### TASK REQUIREMENTS
Every line from the one containing "GAOLA Classic Cute" to the end of the records below should be returned exactly; pictures are to be dropped.

### RECORDS PROVIDED
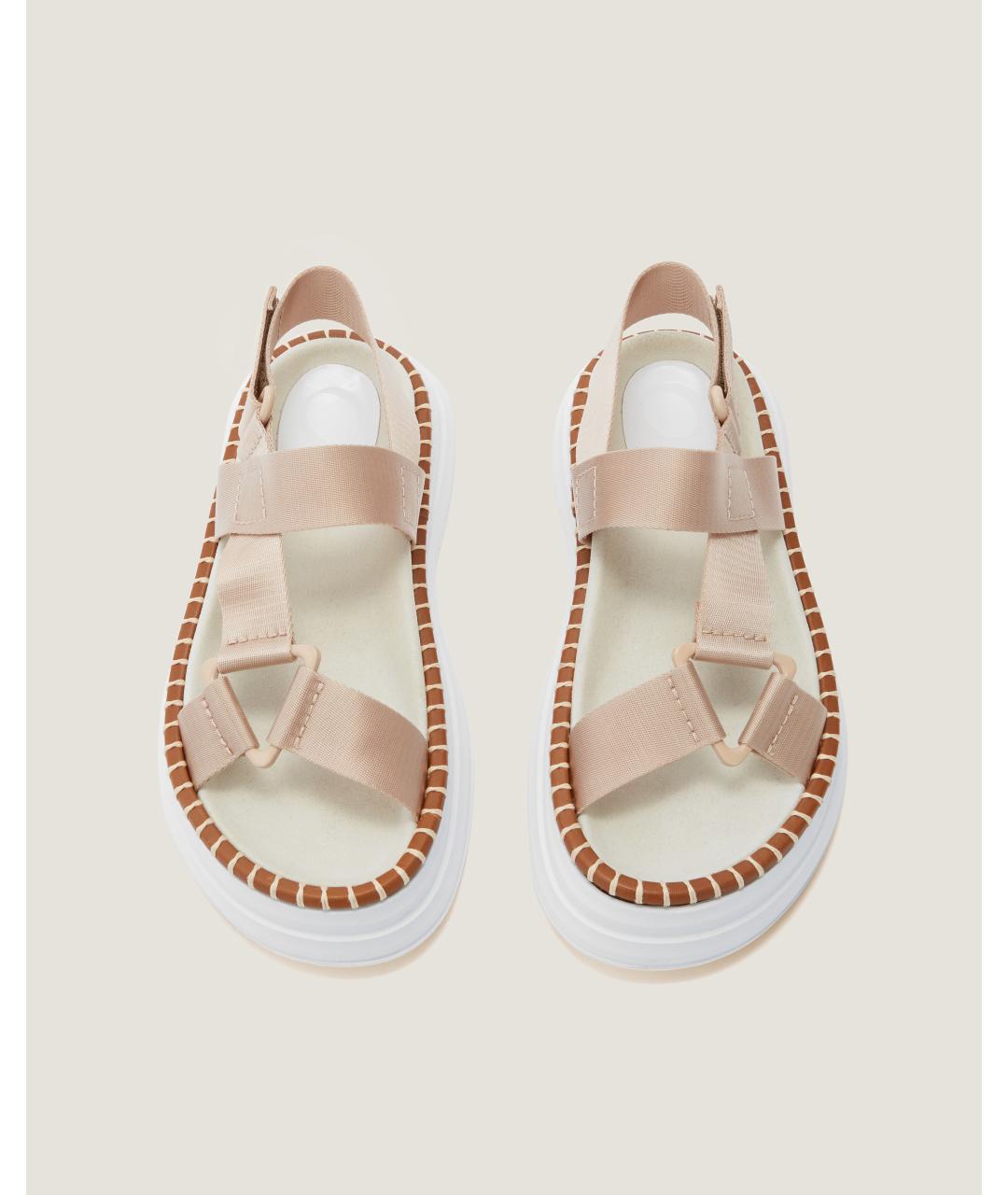 Odissì Бежевые текстильные сандалии, фото 4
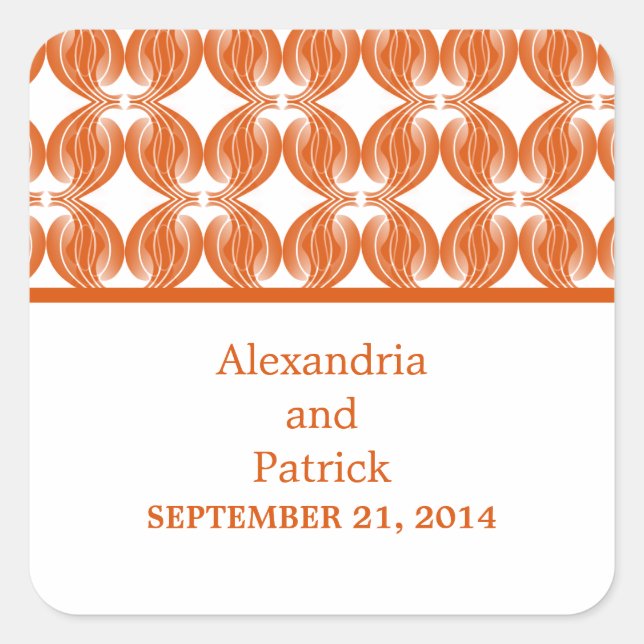 Orange Modern Deco Wedding Stickers (Front)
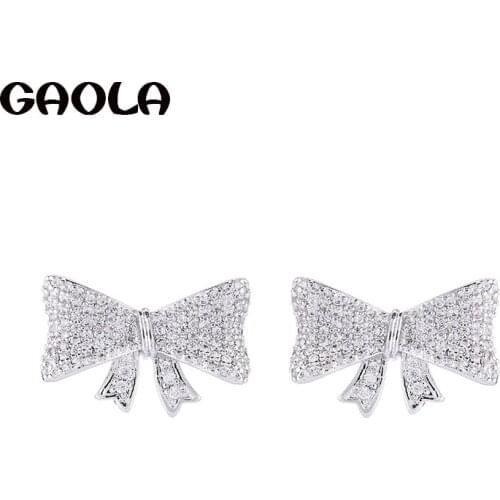 GAOLA Classic Cute Bowknot Earring Women Cubic Zirconia Stud Earrings Gift Jewelry GLE8028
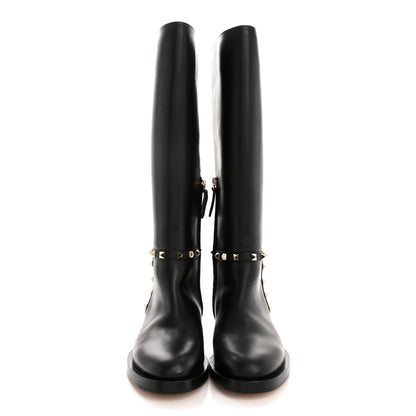 Valentino Garavani Calfskin Rockstud Knee High Flat Boots 36 Black 2 of 10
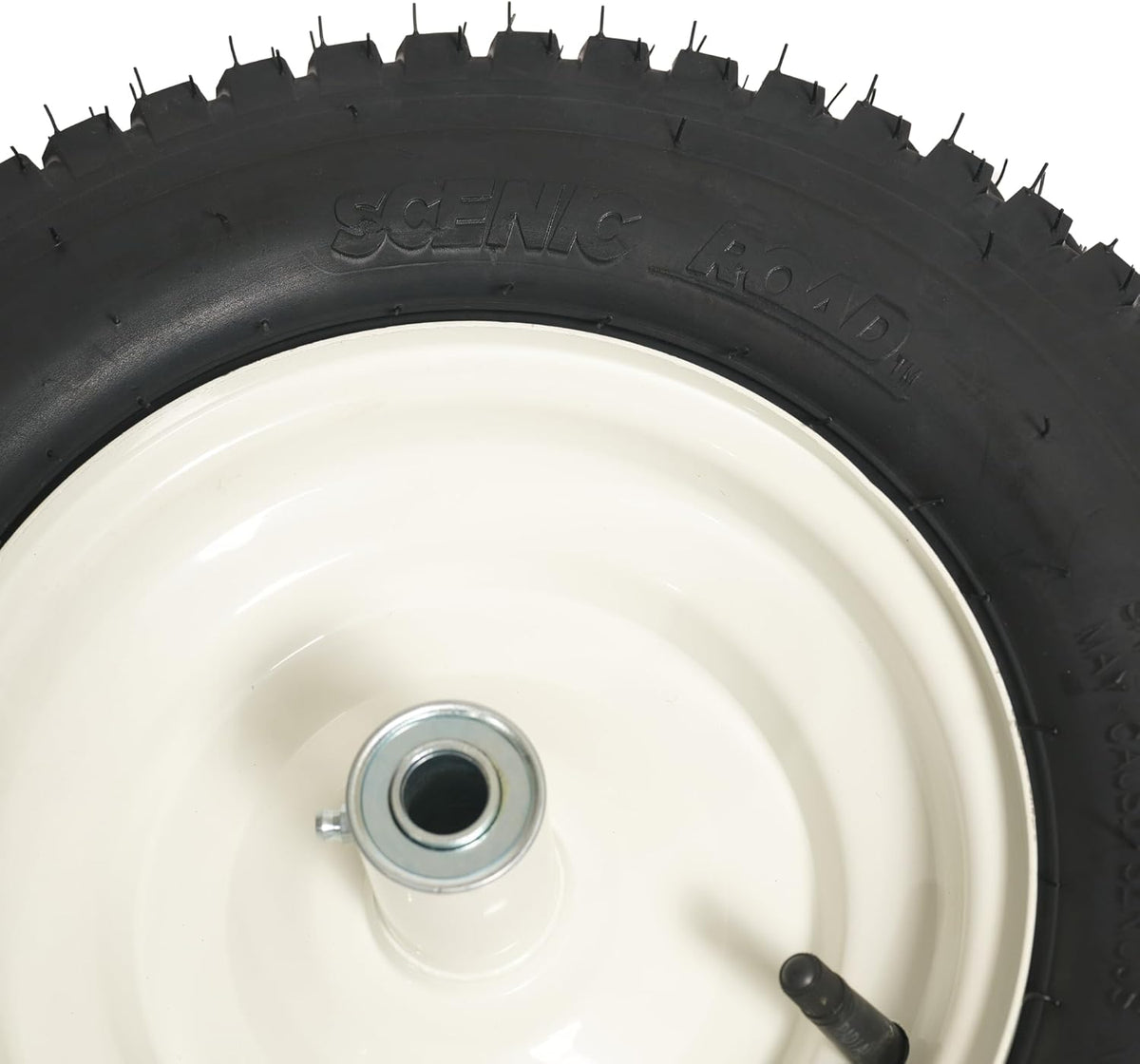 SCENIC ROAD Wheelbarrow Replacement Tire, 16" Wheel with Bearing and Grease Fitting, 4-Ply Turf Tire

### YOUR SOLUTION
 GAOLA Classic Cute Bowknot Earring Women Cubic Zirconia Stud Earrings Gift Jewelry GLE8028
 Valentino Garavani Calfskin Rockstud Knee High Flat Boots 36 Black 2 of 10
 SCENIC ROAD Wheelbarrow Replacement Tire, 16" Wheel with Bearing and Grease Fitting, 4-Ply Turf Tire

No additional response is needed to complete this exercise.